Well, I hate having to scroll all the way down the template to get to the strings! Right now I have my folders set up like this:
Main Instrumentation - stuff I use all the time
WW
Brass
Percussion
Strings
Synths

Each folder is assigned to a screen set so I can jump to each one quickly, which works well until I need to copy something or want to compare parts, then it becomes a little less user-friendly. I'm just wondering what everyone else is doing to deal with this problem.


----------



## gsilbers (Mar 27, 2010)

hmm lets compare notes because i have set with folders too and hide the other tracks and put that arrange page (with folders only) to the right. so i select the folder of brass and the main page goes down to the brasses. 

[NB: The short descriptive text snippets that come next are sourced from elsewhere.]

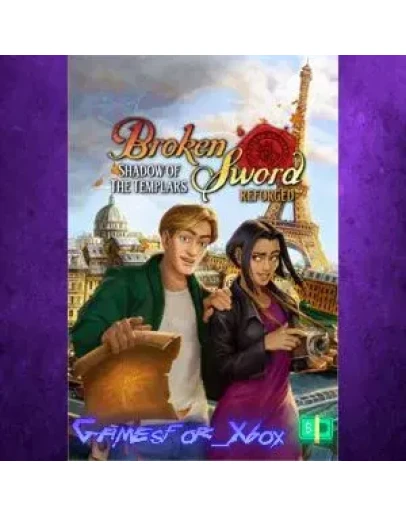 Broken Sword - Shadow of the Templars Reforged XBOX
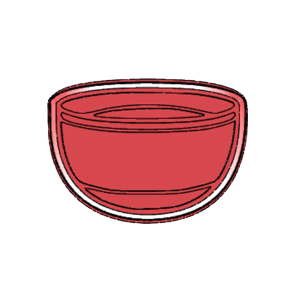 Mixing Bowl Cookie Cutter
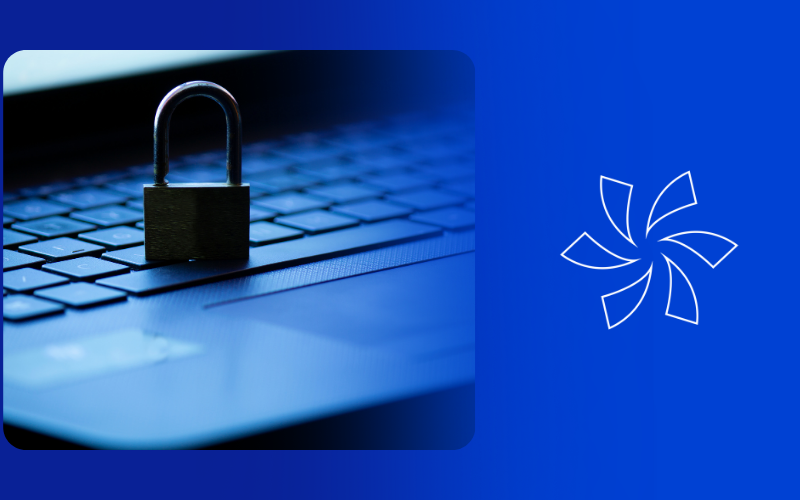 lock-on-a-laptop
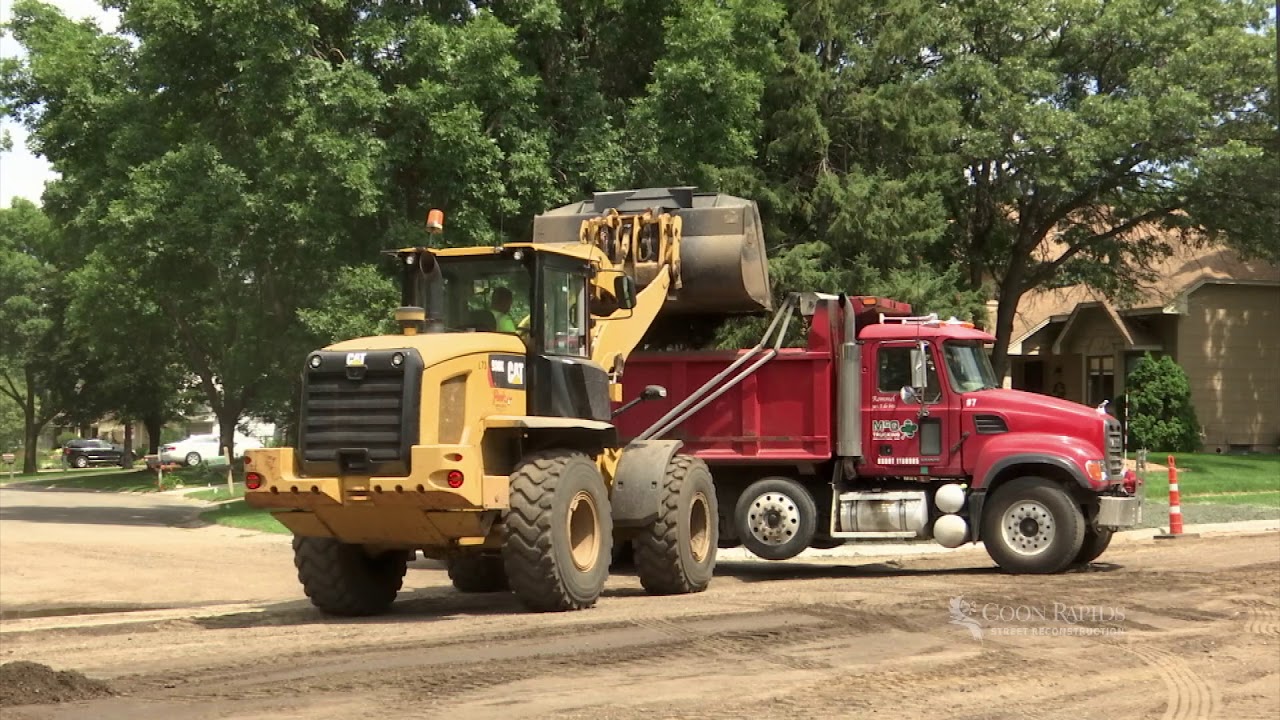 Coon Rapids Street Reconstruction Video 2
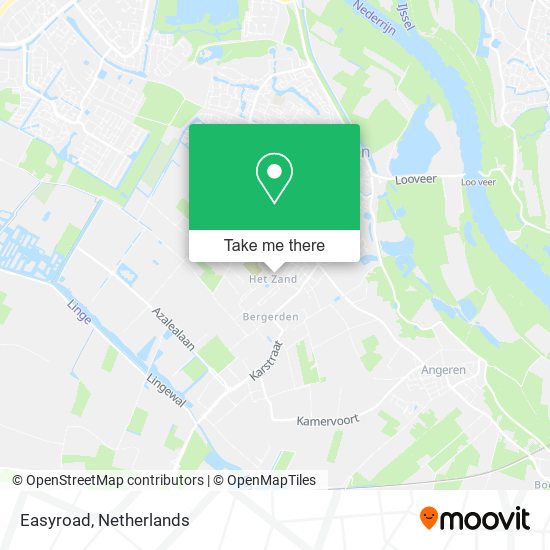 Easyroad map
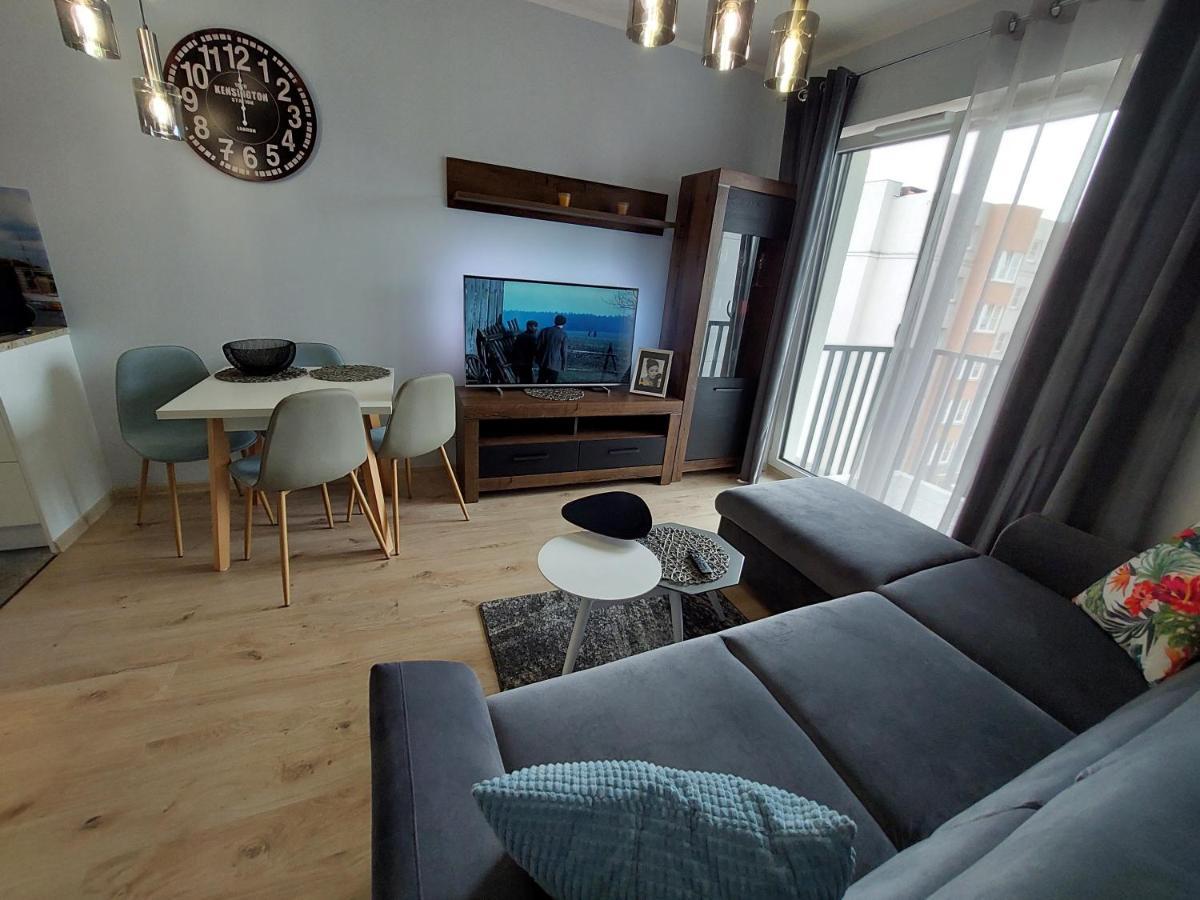 Apartmán Kamienica Park 91 Štetín Exteriér fotografie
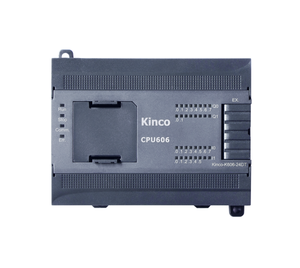 Kinco K6 Series PLC K606-24AT K606-24AR CPU Module 24V DC <strong>Digital</strong> Transistor <strong>Output</strong> Program <strong>Controller</strong> - Product Image 2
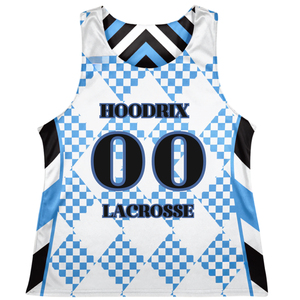Camisetas sin Mangas Personalizadas para Lacrosse, Sublimables y Reversibles, Fabricante de Camisetas de Lacrosse Sublimables - Product Image 2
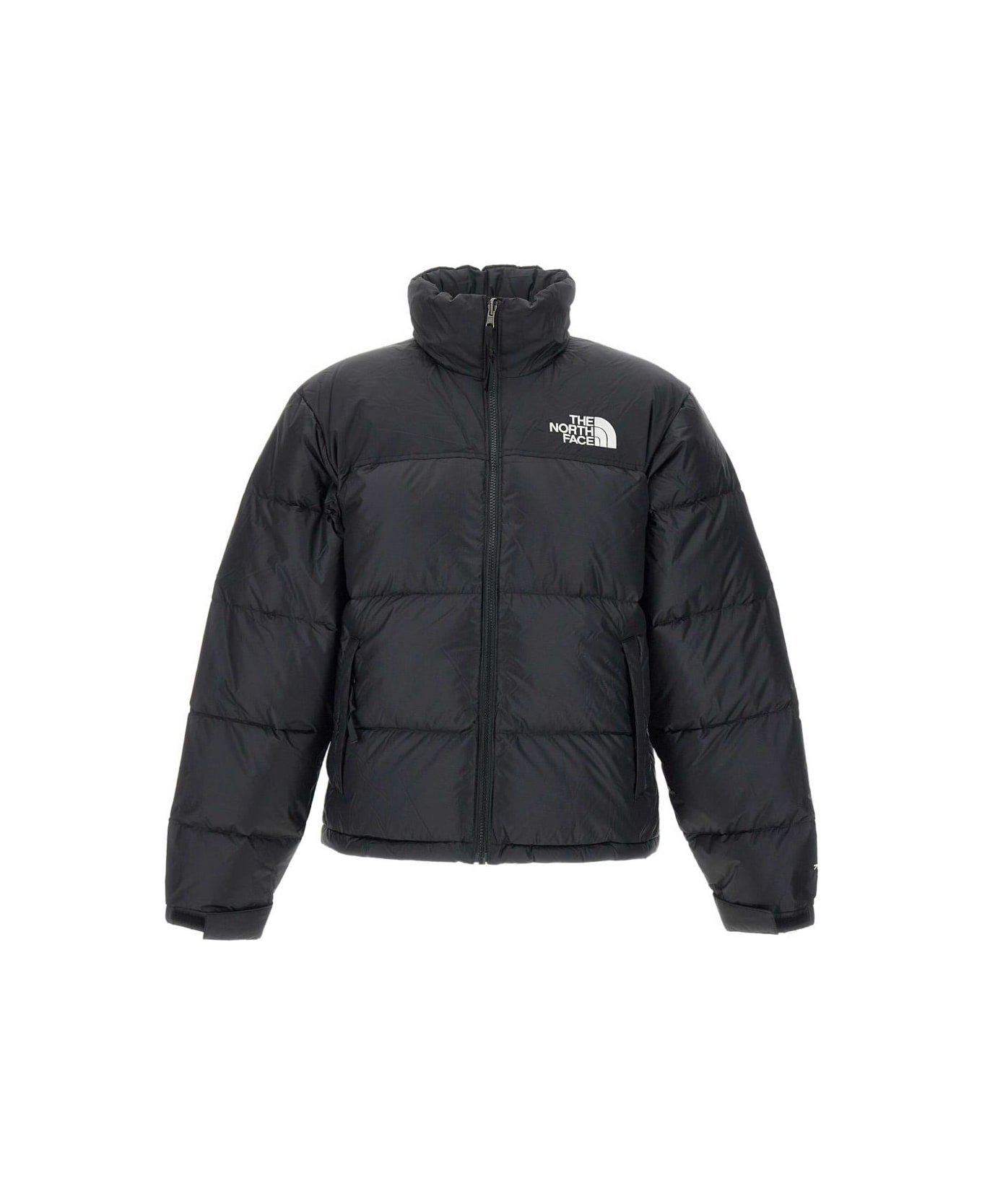 The North Face Black Goose Down Jacket - Black
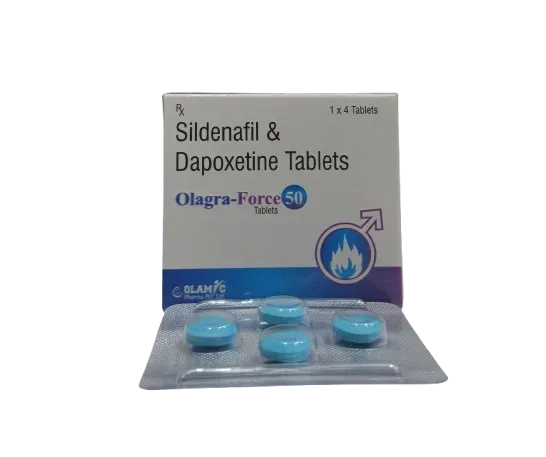 OLAGRA-50 - Sildenafil 50mg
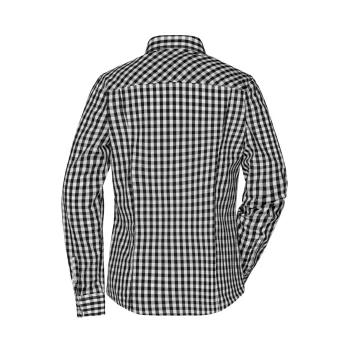 Ladies' Checked Blouse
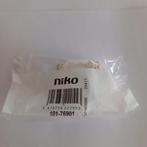 Niko 101-76901 - Blindplaat, white, Ophalen of Verzenden, Nieuw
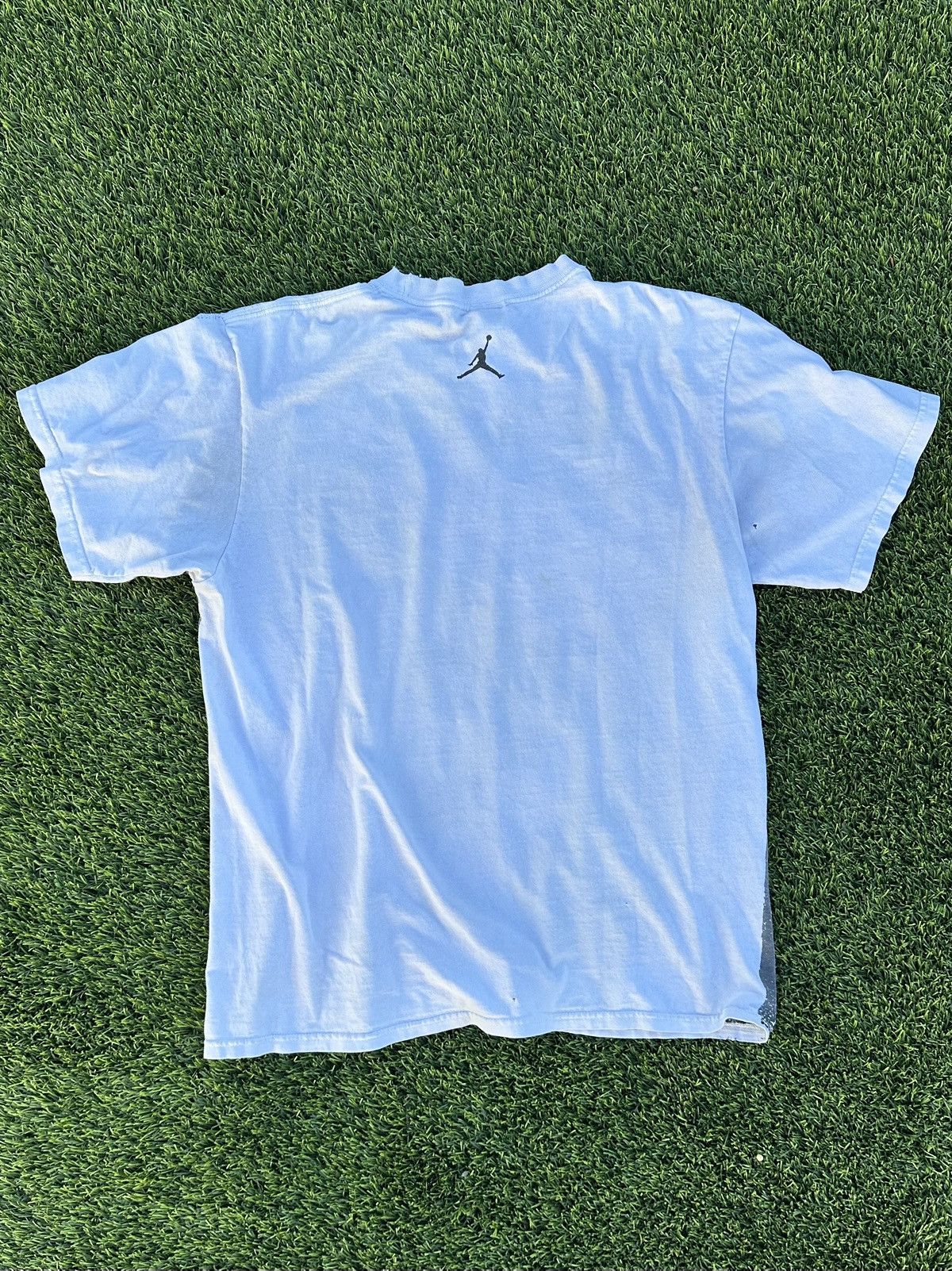 Jordan Brand Vintage y2k Jordan Carmelo Anthony all over print tee Size US M / EU 48-50 / 2 - 7 Thumbnail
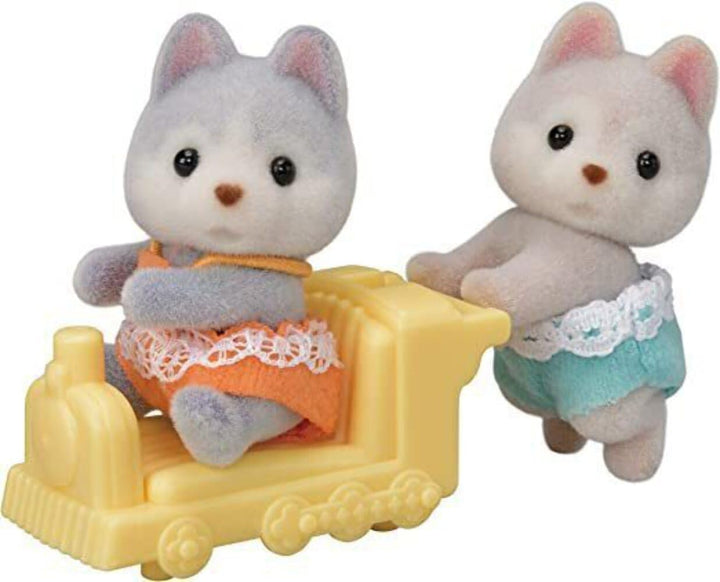 Sylvanian Families Husky Twins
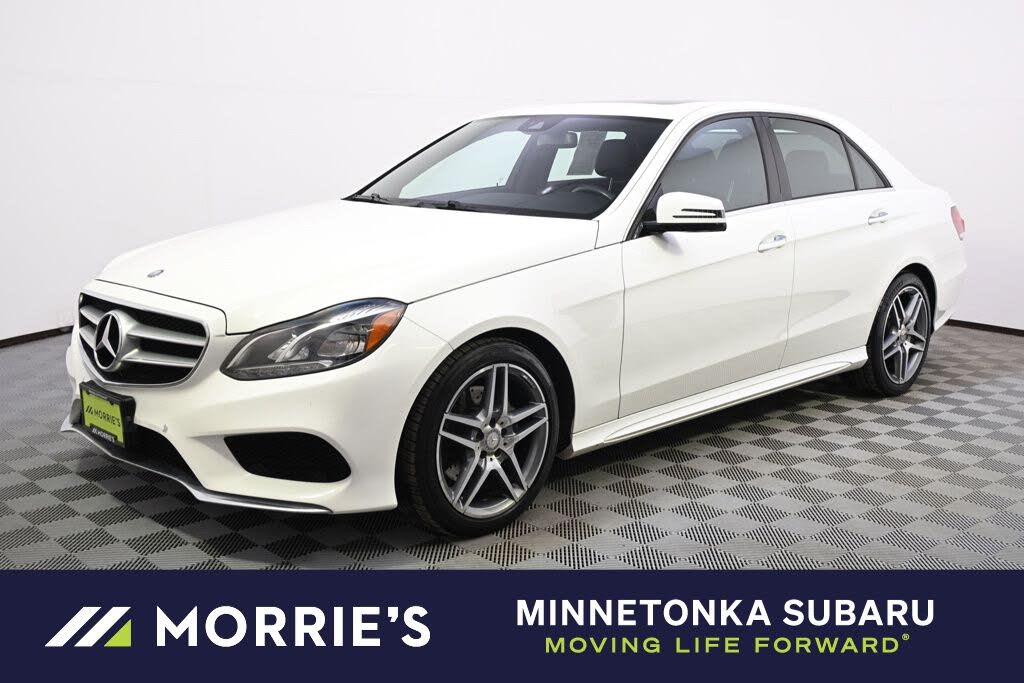2016 Mercedes-Benz E-Class E 350 4MATIC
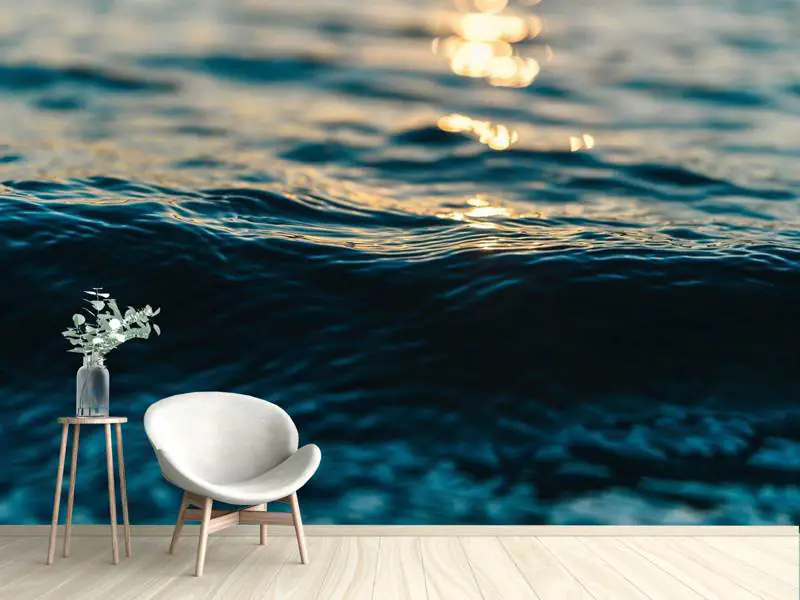 Wall Mural Photo Wallpaper The water surface | Order now!!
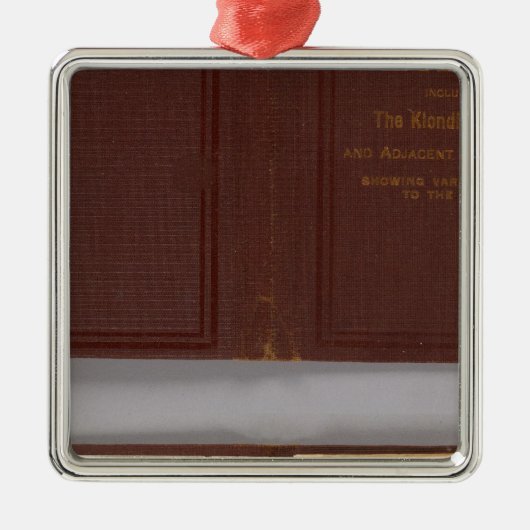 アラスカ4 メタルオーナメント (正面)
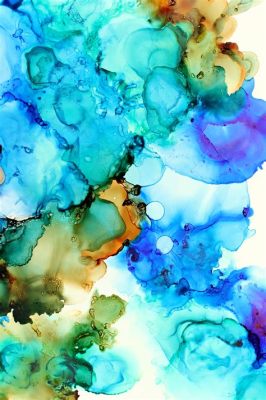 How to Do Alcohol Ink Art: Dancing with Colors in a Chaotic Symphony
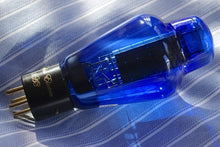 Load image into Gallery viewer, Sophia Electric Blue Glass 2A3 Tubes for 2A3 Amplifiers (email notification sign up)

if its the same then i also have similar issue. specially that logic doesnt have that feature like in pro tools that wont let you change the region to the sides if u copy or move and hold down option. so you can drag and drop carelessly and fast w/o the region moving out of time. 
but yes, its a pita in logic. 

i guess suggestions would be 

you can copy paiste the region. 
copy region, select folder that will scroll down to the other track and paist.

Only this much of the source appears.